If the laws were really about protecting children, they would have passed a law requiring browser vendors to provide age check support in a privacy-protecting way.
It’s one thing to argue intent, but could you clarify exactly how that is done in a privacy-protecting way? I’d like some kind of guarantee what they need to collect and verify will remain secure. Especially about children. That it will not be hacked. Or even sold under more obvious corporate abuse. How many are stepping up to do that? How many really could, even if they wanted to?
That's an implementation detail. The one thing that is certain is that only the browser can do this in a way that doesn't provide the government or a quasi-government entity with information about what site you went to, because if you send credentials to a website, it will have to know what website to handshake with, and it will know who you are. And even if you do some interesting privacy-protecting handshake in JavaScript, it is too easy to modify to compromise privacy, and you'll never know it if one of a hundred verification sites does this. With a browser, there would be only a single-digit number of interesting implementations worldwide, so monitoring them is practical.

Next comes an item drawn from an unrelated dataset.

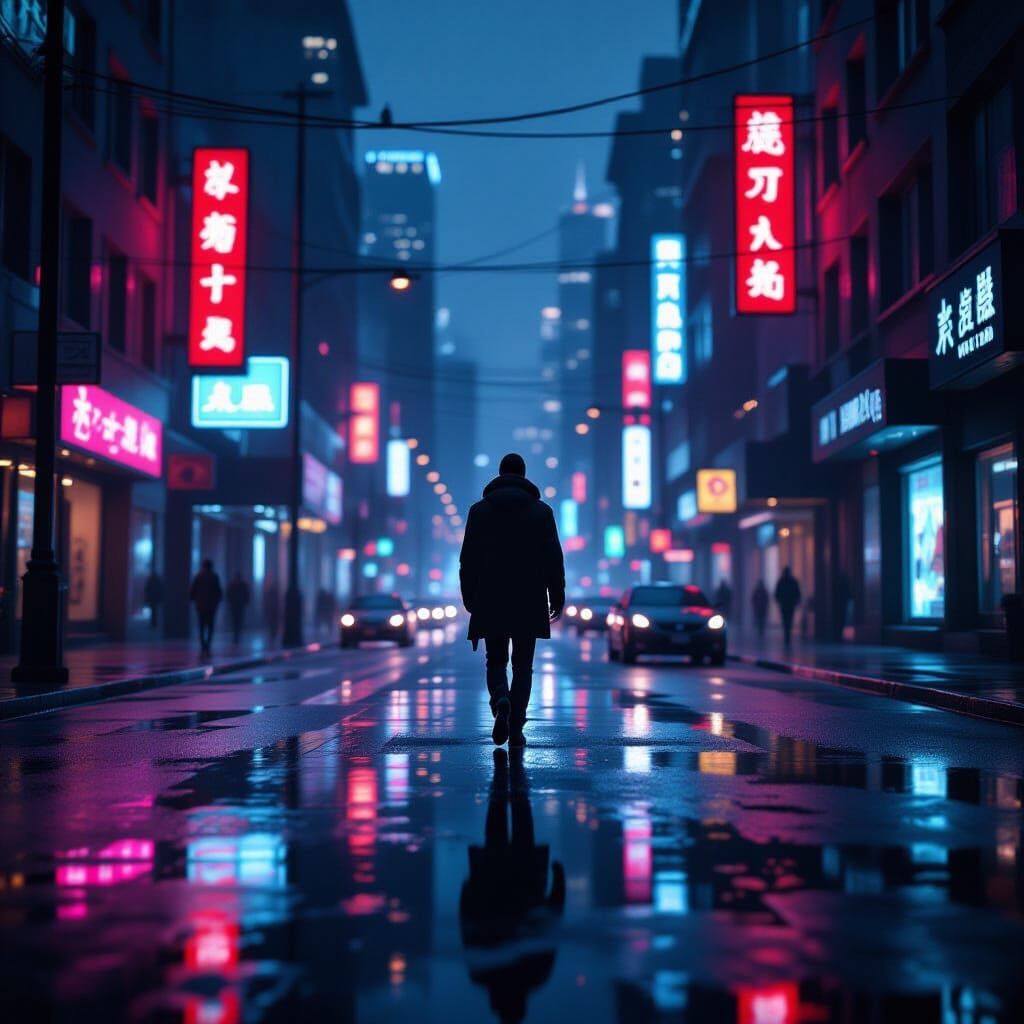 Solitary Figure on Rainy City Street at Dusk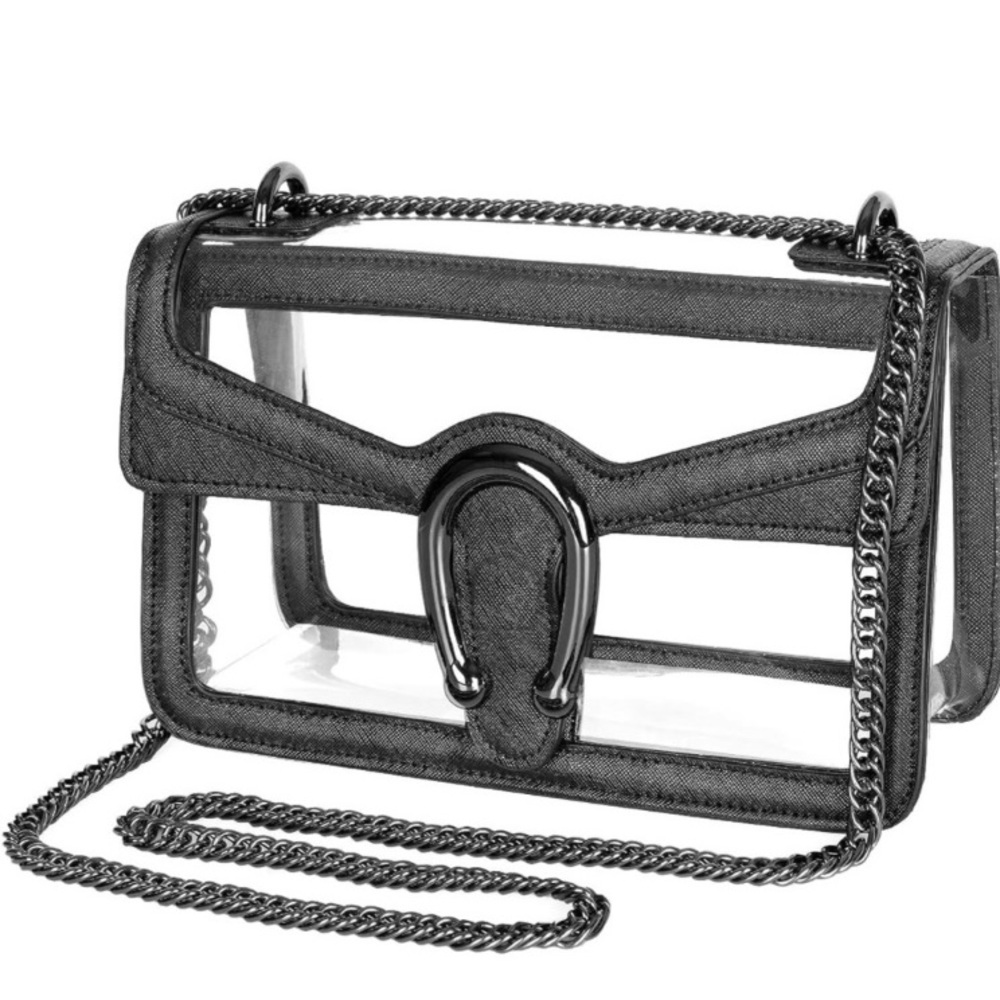 Elegant Clear Stadium Approved Crossbody Shoulder Bag with Chain (New)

My first thought is that a best-effort approach is good enough. You provide your photo ID once, and if the website requires additional validation, the browser can also require you to take a picture with your webcam once for verification purposes.
After you verify your identity, you should have a choice between leaving the browser permanently authorized on a non-shared computer/device or requiring a passcode/Touch ID tap/Face ID scan on a per-use basis, at your option, for a multi-user device. Either way, that decision must be in the user's hands, rather than the browser's, the website owner's, or the government's hands, or else it becomes psychologically abusive, and a tactic for discouraging use of certain sites.
The browser then verifies the photo (on-device), if applicable, uses OCR to determine the issuing authority, and sends a random nonce to the issuing authority along with an image of the photo ID (not a photo of the user, because that could reveal where the user is, what the user is wearing, and other potentially privacy-violating details, depending, making that an unreasonable thing to do).
The authority signs the nonce provided by the browser and then sends back the signed nonce. The browser then verifies issuing authority's public key against a periodically updated shared database of issuing authority root certs, and sends back the fully validated request to the requesting website, which should also validate the signature against its shared database of issuer certs.
For this to be secure and privacy-protecting, you need a few guarantees:
- The photo used for verification, if required, never leaves the device (and this practice should be strongly discouraged).
- The retrieval of the issuing authority's public key must always be from a local root store, not by retrieving it directly from the authority at the time of access, to prevent information leaks through timing attacks.
- The issuing authority must use multiple overlapping signatures to ensure a reasonable transition period when signing keys/certificates change, so that sites can update their local root store on a weekly (or, ideally, monthly) basis.
- There must be a central authority providing either downloadable root stores or downloadable lists of URLs for per-country root stores (the details of this part of the implementation are not that important).
- No issuing authority may have fewer than a few million users.
- Browsers must encourage users to verify their age as soon as the feature is added (or afterwads, whenever the user first runs the browser), and periodically after that, so that age verification does not create any presumption that the user is actually going to what any particular country considers to be "adult" sites.
In an ideal world, you'd go one step further and have the website provide the nonce. Then you'd use some sort of zero-knowledge proof to prove that a certifying agency trusted by the browser knows the nonce without revealing which certifying agency it is, thus preventing it from revealing anything about the user, including the user's country/state, but I'm not entirely sure how you'd pull that off in a way that doesn't require trusting the browser to not be compromised with fake authorities, so that optional next step is left as an exercise for the reader.